空を紡ぐ者と白い死神は想像世界を往く

白鷺雨月

第1話 悲しい別れ

 窓から見る空は鉛色をしていた。

 冬の寒い日であった。

 黒崎仁くろさきじんは壁にかけられた雑誌の付録のカレンダーをちらりとみた。

 ああ、もう十年になるのか。

 彼は一人思った。


 十年前、黒崎仁は二十五年の人生で唯一で最高だと考える親友を失った。

 親友の名は白神愛しらがみめぐみといった。

 女性のような優しい顔をした少年だった。

 彼はある難病にかかり、十五年という短い人生をおわらせてしまった。

 家が近かった。話があった。同い年だった。

 理由はいろいろあるが彼らは仲の良い友人であり、お互いのことを親友だと思っていた。


 白神愛は眉目秀麗な少年だったが、その人生の間際は痩せていてかなりひどい状態だった。

 そんな愛のもとに仁は毎日のようにかよいつめた。

 愛の母親は仁君が来ているときだけ愛は笑うのよ、とよく言った。

「ねえ、またあの話の続きをきかせてよ」

 愛は仁によくそう言った。

 仁は想像力豊かな少年でよく愛に自分のつくった話をきかせた。

 愛はそれをいつも楽しみにして聞いていた。

 仁のつくった物語を聞くときだけ、愛は薬物治療の苦しさを忘れることができた。

 ある日、いつものように仁はつくった物語を聞かせていると愛が冷たい手でそっと手を握ってきた。

「僕はこうしてずっと君の物語を聞いていたかったよ。でも僕にはそれほど時間は残されていないようなんだ」

 愛は言った。

 愛の手はとても冷たかった。

 それはもはや生きている人間とは思えないほどであった。

 仁はそんな愛の手を両手で握った。

 自分の体温を与えて、もとの生の世界に戻そうとした。

 だがいっこうに愛の手は暖かくならない。

「人は死ねばどうなるんだろうね」

 愛は言った。

「そんなのわからない。それにそんなこと言うなよ」

 仁は言葉を強めて言った。

 軽々しく死ぬなんていうな。

 彼は心底、そう思った。

「いいんだよ、仁。僕は君と友達になれて本当に良かった。僕が死んだら君を守る守護霊になるよ。そうして君といつも一緒にいれるようにするよ」

 ふふっと笑った後、愛は激しく咳き込んだ。

 仁は彼の背中をさする。

「そんなこというなよ、愛。君は病気を治して、この先僕と同じ高校に行って、同じ大学に行って、ずっと友達であり続けるんだ。愛は絶対に死んじゃあだめだ。愛は僕のただ一人の友達なんだから……」

 仁は言った。

 たった一人の友人を失いたくなかった。

 その言葉は魂の叫びに似ていた。

「そう言ってくれて嬉しいよ」

 愛が言った。

 それが愛と交わした最後の言葉であった。



 あれから十年か。

 カレンダーを見ながら、仁は一人ひとり言った。

 この季節になると仁はいつも愛と最後に交わした言葉を思い出す。

 やつが生きていたら一緒に酒でも飲んだのかな。

 黒崎仁は想像力豊かな青年であった。それは少年のころからかわらない。

 彼は今ではネットに小説やエッセイを投稿するいわゆるWeb作家というものになっていた。

 数こそ少ないが、いつも読んでくれる人もいる。

 コメントや応援メッセージを送ってくれる人もちらほらでてきた。

 いつかは自分の作品が書籍になったり映像化されたりしないかなと仁は妄想をふくらませていた。

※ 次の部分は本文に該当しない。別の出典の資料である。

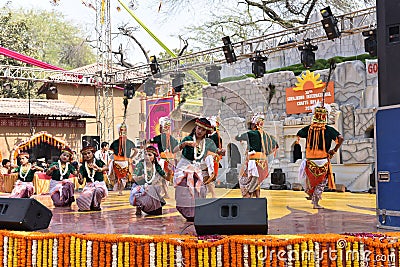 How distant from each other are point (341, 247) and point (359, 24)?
19.7 ft

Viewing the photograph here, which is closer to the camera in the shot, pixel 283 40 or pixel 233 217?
pixel 233 217

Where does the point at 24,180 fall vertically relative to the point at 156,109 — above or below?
below

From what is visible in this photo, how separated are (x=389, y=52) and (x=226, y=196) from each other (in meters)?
1.65

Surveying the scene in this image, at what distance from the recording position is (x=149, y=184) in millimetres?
5805

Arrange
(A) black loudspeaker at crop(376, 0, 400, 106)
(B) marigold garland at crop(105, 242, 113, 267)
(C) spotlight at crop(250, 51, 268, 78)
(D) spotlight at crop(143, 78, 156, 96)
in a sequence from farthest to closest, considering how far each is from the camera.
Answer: (C) spotlight at crop(250, 51, 268, 78) → (D) spotlight at crop(143, 78, 156, 96) → (A) black loudspeaker at crop(376, 0, 400, 106) → (B) marigold garland at crop(105, 242, 113, 267)

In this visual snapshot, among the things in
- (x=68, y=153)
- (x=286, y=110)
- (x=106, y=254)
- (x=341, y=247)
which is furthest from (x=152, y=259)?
(x=286, y=110)

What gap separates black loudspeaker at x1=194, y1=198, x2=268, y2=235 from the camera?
3484 mm

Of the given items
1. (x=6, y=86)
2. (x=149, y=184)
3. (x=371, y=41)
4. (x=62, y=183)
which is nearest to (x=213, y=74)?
(x=149, y=184)

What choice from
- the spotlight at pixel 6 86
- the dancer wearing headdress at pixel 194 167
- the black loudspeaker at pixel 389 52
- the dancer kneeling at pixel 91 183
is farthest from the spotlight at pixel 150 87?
the spotlight at pixel 6 86

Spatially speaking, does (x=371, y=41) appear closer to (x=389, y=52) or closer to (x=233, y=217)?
(x=389, y=52)

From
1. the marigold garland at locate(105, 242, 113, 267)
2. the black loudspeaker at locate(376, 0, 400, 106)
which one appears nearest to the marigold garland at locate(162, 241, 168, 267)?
the marigold garland at locate(105, 242, 113, 267)

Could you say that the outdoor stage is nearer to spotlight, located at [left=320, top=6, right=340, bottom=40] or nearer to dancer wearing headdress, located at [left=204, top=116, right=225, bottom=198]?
dancer wearing headdress, located at [left=204, top=116, right=225, bottom=198]

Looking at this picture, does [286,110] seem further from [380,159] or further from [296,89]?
Result: [380,159]

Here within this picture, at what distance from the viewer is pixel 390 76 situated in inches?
154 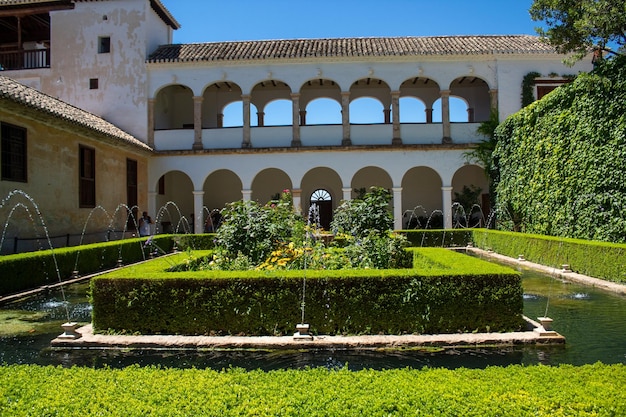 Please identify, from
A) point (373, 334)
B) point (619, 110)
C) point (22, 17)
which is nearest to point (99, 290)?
point (373, 334)

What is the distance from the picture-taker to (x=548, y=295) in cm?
782

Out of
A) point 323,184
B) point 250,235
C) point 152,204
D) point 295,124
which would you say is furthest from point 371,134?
point 250,235

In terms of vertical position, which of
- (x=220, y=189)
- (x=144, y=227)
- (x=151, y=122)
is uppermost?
(x=151, y=122)

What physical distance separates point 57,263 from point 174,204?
13.1m

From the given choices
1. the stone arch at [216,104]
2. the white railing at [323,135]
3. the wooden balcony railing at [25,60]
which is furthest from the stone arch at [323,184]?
the wooden balcony railing at [25,60]

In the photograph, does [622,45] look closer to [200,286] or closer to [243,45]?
[200,286]

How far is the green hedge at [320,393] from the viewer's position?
254 cm

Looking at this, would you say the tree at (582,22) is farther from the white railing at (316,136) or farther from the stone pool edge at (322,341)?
the stone pool edge at (322,341)

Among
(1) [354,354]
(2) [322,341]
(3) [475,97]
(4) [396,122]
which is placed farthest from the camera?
(3) [475,97]

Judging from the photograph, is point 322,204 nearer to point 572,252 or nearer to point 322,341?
point 572,252

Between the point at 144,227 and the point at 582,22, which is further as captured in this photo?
the point at 144,227

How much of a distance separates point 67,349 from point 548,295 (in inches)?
279

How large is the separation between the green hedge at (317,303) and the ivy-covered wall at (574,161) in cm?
721

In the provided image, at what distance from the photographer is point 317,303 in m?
5.54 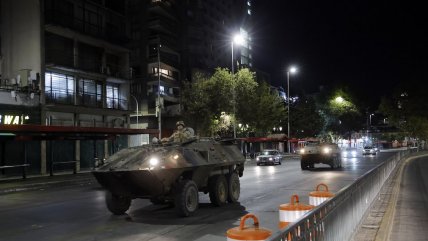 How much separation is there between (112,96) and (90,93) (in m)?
3.43

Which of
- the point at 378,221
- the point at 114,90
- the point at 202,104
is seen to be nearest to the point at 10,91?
the point at 114,90

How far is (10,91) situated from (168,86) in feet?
104

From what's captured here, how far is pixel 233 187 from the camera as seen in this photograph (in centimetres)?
1512

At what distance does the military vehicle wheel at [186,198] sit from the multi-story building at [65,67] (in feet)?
70.2

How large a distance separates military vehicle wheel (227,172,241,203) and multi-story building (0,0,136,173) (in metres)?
19.7

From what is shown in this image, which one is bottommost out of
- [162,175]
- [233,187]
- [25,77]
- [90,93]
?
[233,187]

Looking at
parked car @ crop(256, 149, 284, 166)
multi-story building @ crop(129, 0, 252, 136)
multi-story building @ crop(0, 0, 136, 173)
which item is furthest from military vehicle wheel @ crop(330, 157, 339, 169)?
multi-story building @ crop(129, 0, 252, 136)

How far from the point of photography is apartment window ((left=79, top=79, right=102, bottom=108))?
3947cm

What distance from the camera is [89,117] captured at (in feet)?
132

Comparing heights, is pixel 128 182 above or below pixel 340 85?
below

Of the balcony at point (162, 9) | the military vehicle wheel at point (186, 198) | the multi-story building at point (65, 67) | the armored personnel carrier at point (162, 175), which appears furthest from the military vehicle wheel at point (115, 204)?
the balcony at point (162, 9)

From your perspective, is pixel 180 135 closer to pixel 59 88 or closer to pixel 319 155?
pixel 319 155

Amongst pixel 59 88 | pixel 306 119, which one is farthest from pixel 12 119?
pixel 306 119

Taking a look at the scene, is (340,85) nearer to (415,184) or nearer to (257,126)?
(257,126) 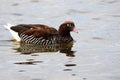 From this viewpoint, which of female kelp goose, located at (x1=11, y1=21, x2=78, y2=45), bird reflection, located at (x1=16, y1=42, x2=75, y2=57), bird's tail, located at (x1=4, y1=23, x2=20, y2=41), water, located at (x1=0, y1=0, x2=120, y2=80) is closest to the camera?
water, located at (x1=0, y1=0, x2=120, y2=80)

 そんな妄想をしている彼だったが、空腹を覚えたので近所のスーパーに食料を買い出しにでかけた。

 いくつかの惣菜やお茶のペットボトル、レトルト食品や缶詰、日用品を買い込むと独り暮らしのマンションへの帰路についた。

 時刻はすでに午後六時を終えようとしていた。

 あたりはもう真っ暗で道路を買い物をした荷物を持ちながら、一人あるいていた。

 自宅まであと少しというところで、彼の目の前に小さい動物があらわれた。

 それは白い猫であった。

 街灯に照らされた白猫の目は金色に輝いていた。


「やあ、じん。やっとこっちにくることができたよ」

 その猫は言った。

 それは人の言葉で人の声だった。

 仁が驚愕して、荷物を落としそうになった。

 その猫の声に聞き覚えがあったからだ。

 その猫の声は間違いなく十年前にこの世をさった白神愛の声だったからだ。